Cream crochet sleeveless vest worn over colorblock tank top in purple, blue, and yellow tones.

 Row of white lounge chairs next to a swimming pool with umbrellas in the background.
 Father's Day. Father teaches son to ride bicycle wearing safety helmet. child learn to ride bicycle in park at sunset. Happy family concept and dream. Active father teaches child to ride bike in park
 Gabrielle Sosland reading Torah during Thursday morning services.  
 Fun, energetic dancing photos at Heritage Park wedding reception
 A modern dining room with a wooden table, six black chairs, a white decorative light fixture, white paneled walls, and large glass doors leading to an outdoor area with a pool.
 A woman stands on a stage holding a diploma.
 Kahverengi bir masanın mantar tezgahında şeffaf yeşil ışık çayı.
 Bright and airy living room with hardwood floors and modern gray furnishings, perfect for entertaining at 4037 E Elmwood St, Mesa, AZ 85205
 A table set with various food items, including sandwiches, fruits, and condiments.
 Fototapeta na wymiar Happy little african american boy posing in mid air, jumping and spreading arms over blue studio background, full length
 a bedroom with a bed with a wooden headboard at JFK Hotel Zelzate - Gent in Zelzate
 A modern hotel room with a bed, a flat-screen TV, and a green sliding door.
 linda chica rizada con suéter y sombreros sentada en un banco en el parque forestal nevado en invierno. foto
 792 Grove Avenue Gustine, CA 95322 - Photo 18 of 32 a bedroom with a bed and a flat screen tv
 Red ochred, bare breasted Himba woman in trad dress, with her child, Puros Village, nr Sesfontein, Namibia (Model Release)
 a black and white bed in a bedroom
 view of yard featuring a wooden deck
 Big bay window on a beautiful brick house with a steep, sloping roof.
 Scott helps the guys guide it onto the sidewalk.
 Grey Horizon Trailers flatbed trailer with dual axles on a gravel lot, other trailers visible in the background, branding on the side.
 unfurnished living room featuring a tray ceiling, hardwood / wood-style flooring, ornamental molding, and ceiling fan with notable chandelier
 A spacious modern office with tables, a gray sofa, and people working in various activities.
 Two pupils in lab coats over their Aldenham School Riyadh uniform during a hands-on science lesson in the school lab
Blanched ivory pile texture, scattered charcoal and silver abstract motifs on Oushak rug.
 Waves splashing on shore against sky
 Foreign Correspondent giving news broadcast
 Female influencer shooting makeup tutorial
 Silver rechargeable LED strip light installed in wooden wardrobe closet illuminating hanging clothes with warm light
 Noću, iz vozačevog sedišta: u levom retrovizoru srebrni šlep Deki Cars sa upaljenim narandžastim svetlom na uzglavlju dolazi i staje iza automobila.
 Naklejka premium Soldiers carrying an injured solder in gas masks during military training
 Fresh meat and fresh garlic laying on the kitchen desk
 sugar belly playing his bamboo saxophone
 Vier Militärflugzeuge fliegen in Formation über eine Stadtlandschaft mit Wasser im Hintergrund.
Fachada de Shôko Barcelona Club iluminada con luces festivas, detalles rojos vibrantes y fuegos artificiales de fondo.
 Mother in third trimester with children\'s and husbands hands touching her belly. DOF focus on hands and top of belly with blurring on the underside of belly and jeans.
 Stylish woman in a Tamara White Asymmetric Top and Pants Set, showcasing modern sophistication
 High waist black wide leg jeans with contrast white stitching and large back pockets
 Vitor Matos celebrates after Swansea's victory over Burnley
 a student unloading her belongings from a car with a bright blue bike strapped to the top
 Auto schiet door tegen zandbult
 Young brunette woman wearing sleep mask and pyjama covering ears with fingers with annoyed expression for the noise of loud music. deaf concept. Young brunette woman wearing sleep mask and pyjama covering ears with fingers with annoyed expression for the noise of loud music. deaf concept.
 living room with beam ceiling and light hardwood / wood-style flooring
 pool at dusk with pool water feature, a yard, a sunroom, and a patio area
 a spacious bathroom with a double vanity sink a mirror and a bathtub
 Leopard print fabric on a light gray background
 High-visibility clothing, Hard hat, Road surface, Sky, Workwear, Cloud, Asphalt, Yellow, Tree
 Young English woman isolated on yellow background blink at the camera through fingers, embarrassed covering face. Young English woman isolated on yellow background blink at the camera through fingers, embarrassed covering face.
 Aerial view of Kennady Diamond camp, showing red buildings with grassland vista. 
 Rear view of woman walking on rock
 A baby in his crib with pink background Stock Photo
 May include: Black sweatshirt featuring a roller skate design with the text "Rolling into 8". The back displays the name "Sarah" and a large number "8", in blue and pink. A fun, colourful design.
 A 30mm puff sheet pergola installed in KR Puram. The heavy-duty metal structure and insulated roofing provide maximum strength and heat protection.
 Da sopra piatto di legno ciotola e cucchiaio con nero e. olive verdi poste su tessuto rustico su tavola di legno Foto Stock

* _What to do_
Nothing but the lines above from the one containing "Fototapeta na wymiar" through the one containing "Naklejka premium Soldiers" should appear in the answer, each repeated exactly.

* _Result of this exercise_
 Fototapeta na wymiar Happy little african american boy posing in mid air, jumping and spreading arms over blue studio background, full length
 a bedroom with a bed with a wooden headboard at JFK Hotel Zelzate - Gent in Zelzate
 A modern hotel room with a bed, a flat-screen TV, and a green sliding door.
 linda chica rizada con suéter y sombreros sentada en un banco en el parque forestal nevado en invierno. foto
 792 Grove Avenue Gustine, CA 95322 - Photo 18 of 32 a bedroom with a bed and a flat screen tv
 Red ochred, bare breasted Himba woman in trad dress, with her child, Puros Village, nr Sesfontein, Namibia (Model Release)
 a black and white bed in a bedroom
 view of yard featuring a wooden deck
 Big bay window on a beautiful brick house with a steep, sloping roof.
 Scott helps the guys guide it onto the sidewalk.
 Grey Horizon Trailers flatbed trailer with dual axles on a gravel lot, other trailers visible in the background, branding on the side.
 unfurnished living room featuring a tray ceiling, hardwood / wood-style flooring, ornamental molding, and ceiling fan with notable chandelier
 A spacious modern office with tables, a gray sofa, and people working in various activities.
 Two pupils in lab coats over their Aldenham School Riyadh uniform during a hands-on science lesson in the school lab
Blanched ivory pile texture, scattered charcoal and silver abstract motifs on Oushak rug.
 Waves splashing on shore against sky
 Foreign Correspondent giving news broadcast
 Female influencer shooting makeup tutorial
 Silver rechargeable LED strip light installed in wooden wardrobe closet illuminating hanging clothes with warm light
 Noću, iz vozačevog sedišta: u levom retrovizoru srebrni šlep Deki Cars sa upaljenim narandžastim svetlom na uzglavlju dolazi i staje iza automobila.
 Naklejka premium Soldiers carrying an injured solder in gas masks during military training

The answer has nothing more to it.